We have enjoyed the mostly civil, issue-based back and forth between the two survivors — former Secretay of State Hillary Clinton and Sen. Bernie Sanders, I-Vt. — and we believe this process has made both of them better candidates.
But the discussions and stump speeches have yielded a clear and undeniable fact: Clinton has the better overall experience, grasp on the broad range of issues and the natural attributes to assume the presidency on Day 1 of her administration.
Whereas Sanders’ passion and populist appeal have been effective in certain states under certain circumstances — and this has manifested in upset primary wins in states such as Michigan — we think there is a steep learning curve for Sanders on a number of issues outside of income equality and prosecuting Wall Street.

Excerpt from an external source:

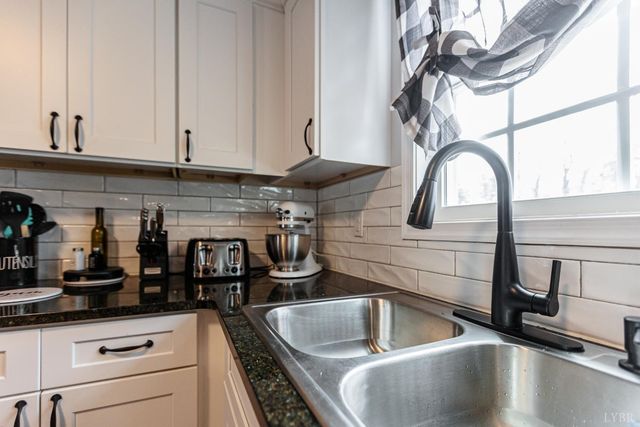 898 Spruce Dr., Pamplin, VA 23958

Just as Ohio Gov. John Kasich earned our endorsement on the Republican side because he seemed the most prepared and presidential, Clinton gets the nod for the Idaho Democratic caucuses Tuesday because of a lifetime of activism on behalf of Americans, her service as a U.S. senator in New York and her tenure as secretary of state in the Obama administration. Her government service — working on behalf of 9/11 responders as a senator and being a tough negotiator during foreign policy missions in the Middle East — show her capabilities, grit and determination to get things done.
Though we have our concerns about her inability to articulate her goals and manage a crisis at times — such as the slow and clumsy release of information about her private emails — her work ethic and ability to follow through in a bipartisan fashion override her shortcomings.
Clinton certainly has paid her dues and has earned the opportunity to lead her party to the November election.